What is required
Scan the records below for lines with the word "used", then state how many you find and nothing else.
+---+
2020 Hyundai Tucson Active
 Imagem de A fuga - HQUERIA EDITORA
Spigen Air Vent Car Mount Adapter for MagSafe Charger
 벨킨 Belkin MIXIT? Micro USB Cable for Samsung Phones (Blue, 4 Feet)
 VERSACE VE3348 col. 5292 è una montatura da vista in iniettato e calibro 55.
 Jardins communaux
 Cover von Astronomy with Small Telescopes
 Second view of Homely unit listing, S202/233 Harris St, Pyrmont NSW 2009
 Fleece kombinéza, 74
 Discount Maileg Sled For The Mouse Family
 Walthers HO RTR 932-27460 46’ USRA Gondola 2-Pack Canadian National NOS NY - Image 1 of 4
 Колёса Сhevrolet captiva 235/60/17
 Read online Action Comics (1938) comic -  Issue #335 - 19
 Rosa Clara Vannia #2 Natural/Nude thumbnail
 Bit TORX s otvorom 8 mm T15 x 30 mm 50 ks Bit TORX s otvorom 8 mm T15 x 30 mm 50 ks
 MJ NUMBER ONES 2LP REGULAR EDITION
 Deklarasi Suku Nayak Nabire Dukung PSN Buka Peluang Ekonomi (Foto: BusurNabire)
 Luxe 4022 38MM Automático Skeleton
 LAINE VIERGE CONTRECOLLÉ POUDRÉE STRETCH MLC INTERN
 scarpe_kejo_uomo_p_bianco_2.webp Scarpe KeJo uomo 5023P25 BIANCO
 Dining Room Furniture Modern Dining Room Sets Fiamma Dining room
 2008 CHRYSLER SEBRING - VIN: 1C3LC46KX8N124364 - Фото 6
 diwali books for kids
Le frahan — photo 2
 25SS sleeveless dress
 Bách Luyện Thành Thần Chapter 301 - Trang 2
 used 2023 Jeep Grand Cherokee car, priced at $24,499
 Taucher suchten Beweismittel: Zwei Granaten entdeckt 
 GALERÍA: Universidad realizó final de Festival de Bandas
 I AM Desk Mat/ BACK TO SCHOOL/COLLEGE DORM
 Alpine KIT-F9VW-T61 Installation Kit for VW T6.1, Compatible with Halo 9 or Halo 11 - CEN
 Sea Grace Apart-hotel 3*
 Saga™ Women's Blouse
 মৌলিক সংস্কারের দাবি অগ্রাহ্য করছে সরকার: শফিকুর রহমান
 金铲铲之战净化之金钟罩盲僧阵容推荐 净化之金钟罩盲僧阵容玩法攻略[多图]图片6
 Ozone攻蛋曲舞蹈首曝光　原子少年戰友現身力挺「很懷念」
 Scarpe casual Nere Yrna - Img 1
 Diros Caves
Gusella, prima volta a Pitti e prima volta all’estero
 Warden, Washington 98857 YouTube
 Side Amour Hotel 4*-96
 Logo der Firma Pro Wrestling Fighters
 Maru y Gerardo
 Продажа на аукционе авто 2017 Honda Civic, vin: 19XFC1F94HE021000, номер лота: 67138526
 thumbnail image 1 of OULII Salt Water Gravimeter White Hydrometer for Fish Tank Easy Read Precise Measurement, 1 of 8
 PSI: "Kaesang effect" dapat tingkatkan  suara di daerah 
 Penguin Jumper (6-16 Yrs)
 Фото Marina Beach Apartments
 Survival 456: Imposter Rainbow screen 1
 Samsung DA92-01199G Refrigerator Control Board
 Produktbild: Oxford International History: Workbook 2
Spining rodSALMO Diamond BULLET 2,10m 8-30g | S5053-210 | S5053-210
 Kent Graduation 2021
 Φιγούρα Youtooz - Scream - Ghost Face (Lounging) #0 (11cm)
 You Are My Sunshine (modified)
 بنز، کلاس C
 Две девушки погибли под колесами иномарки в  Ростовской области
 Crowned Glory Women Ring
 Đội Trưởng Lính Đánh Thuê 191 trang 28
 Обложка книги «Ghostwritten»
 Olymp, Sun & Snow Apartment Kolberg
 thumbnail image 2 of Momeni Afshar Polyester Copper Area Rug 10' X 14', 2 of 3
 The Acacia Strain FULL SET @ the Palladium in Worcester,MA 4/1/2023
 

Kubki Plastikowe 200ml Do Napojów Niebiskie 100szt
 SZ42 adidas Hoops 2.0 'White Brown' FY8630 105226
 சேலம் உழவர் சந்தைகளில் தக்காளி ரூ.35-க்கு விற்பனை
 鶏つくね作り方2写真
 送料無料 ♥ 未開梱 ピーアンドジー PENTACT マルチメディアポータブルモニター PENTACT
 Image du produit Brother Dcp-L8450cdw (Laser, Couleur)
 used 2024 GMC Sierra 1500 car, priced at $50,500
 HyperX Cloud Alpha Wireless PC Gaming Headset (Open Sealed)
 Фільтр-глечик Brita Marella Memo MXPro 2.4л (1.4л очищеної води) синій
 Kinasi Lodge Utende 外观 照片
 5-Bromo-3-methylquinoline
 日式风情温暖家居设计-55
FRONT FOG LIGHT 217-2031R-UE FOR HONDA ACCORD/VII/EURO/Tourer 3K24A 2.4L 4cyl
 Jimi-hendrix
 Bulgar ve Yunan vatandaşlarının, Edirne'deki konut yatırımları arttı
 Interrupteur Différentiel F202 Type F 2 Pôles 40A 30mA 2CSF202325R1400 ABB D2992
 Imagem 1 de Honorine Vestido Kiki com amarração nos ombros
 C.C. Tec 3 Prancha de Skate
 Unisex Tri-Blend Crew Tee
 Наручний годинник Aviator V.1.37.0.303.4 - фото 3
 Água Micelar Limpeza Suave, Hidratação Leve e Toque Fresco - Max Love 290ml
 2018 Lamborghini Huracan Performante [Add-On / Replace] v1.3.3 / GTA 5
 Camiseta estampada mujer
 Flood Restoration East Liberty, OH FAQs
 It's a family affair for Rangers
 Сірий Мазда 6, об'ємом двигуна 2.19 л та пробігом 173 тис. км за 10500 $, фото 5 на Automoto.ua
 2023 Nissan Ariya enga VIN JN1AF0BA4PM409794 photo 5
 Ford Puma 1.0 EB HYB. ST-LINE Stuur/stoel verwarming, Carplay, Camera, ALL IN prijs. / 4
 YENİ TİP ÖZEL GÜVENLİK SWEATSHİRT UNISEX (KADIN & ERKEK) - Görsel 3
+---+
Result for this task
2